Each of these functions exists both in a “M” version and in a “G” version (e.g. for NanoPrepare() exists both the NanoPrepareM() and the NanoPrepareG() version). This identifiers refer to the original behaviour of MinION and GridION X5. Indeed, on the one hand, MinION originally outputted only basecalled .fast5 files from which metadata could be extracted in order to generate an overview of the sequencing run; on the other, GridION X5 outputted .fast5 files without basecalling informations added, causing the need to use the simultaneosuly generated sequencing summary files to get a thorough analysis of the experimental run. After MinION release 18.12 and GridION X5 release 18.12.1, the format of the data generated by the aforementioned platforms have been standardized. Using the “M”/“G” notation, NanoR offers the possibility to choose if the analysis will be done starting from basecalled .fast5 files (“M” version) or from sequencing summaries and .fastq files (“G” version). Backward compatibility with previous MinION and GridION X5 releases is also guaranteed. In addition, we provide NanoCompare() to allow a quick comparison of MinION and GridION X5 analyzed data. Below are described two possible workflows (also summarized in Fig 1) for users wishing to analyze their MinION or GridION X5 data with NanoR.

Fig 1 — NanoR can work with both basecalled .fast5 files and sequencing summary/.fastq files. Users have to rely on *NanoFastqM()* to direclty extract .fastq sequences from basecalled .fast5 files and on *NanoFastqG()* to filter .fastq files. *NanoPrepare()* functions, as well as *NanoTable()* and *NanoStats()* can be used one after another to generate a complete overview for the sequencing run, starting from basecalled .fast5 files (“M” version) or from sequencing summary and .fastq files (“G” version). *NanoCompare()*, at last, allows one-command comparison of MinION/GridION X5 analyzed sequencing experiments.

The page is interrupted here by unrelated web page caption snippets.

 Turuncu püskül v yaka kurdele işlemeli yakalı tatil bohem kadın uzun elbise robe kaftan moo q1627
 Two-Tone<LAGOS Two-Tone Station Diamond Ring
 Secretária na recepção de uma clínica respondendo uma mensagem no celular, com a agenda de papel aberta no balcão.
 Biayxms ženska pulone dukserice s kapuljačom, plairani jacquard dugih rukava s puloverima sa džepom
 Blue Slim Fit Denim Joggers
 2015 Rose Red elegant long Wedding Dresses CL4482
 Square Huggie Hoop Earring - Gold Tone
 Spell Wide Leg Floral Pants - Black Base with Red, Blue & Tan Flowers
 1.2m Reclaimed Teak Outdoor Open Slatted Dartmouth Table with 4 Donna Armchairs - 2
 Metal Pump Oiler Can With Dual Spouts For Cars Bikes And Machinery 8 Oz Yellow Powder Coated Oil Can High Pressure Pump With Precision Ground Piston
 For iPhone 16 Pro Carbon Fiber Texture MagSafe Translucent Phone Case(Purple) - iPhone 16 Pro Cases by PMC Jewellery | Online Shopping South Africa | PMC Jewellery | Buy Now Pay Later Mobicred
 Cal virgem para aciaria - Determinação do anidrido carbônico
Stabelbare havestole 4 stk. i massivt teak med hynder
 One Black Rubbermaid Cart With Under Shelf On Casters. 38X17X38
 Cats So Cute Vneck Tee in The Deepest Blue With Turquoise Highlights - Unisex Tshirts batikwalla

Basecalled .fast5 files analysis

ONT’s MinION and GridION X5 output Guppy-basecalled .fast5 files, which optionally can be stored into multi-read .fast5 files, from which key informations on the sequencing experiment can be retrived. The “M” version of NanoR can be used for this purpose.

Data preparation

In order to prepare MinION and GridION X5 basecalled .fast5 files for further analyses, we provide NanoPrepareM(): NanoPrepareM() organizes the input files so that they can be easily accessed by other “M” functions from this package. The user must provide to NanoPrepareM() the path to passed basecalled .fast5 reads and a label that will be used to identify the experiment, while the path to failed .fast5 reads is optional. By default, basecalled .fast5 files given as input are considered single-read but multi-read .fast5 files are also supported after switching to TRUE the MultiRead parameter of this function. NanoPrepareM() returns an object of class list required by other functions from this package.

Extraction of .fastq and .fasta files

As explained in the Introduction section of this article, MinION and GridION X5 generate .fastq files for both passed and failed reads using a quality treshold of 7 (sequences with quality ≥ 7 are considered passed, the others are considered failed). NanoR offers the possibility to extract .fastq sequences directly from passed basecalled .fast5 files using a user-defined treshold (which is meant to be higher then the default one) and, optionally, to convert them to .fasta by using NanoFastqM(). The .fastq extraction process can be accellerated using multiple cores.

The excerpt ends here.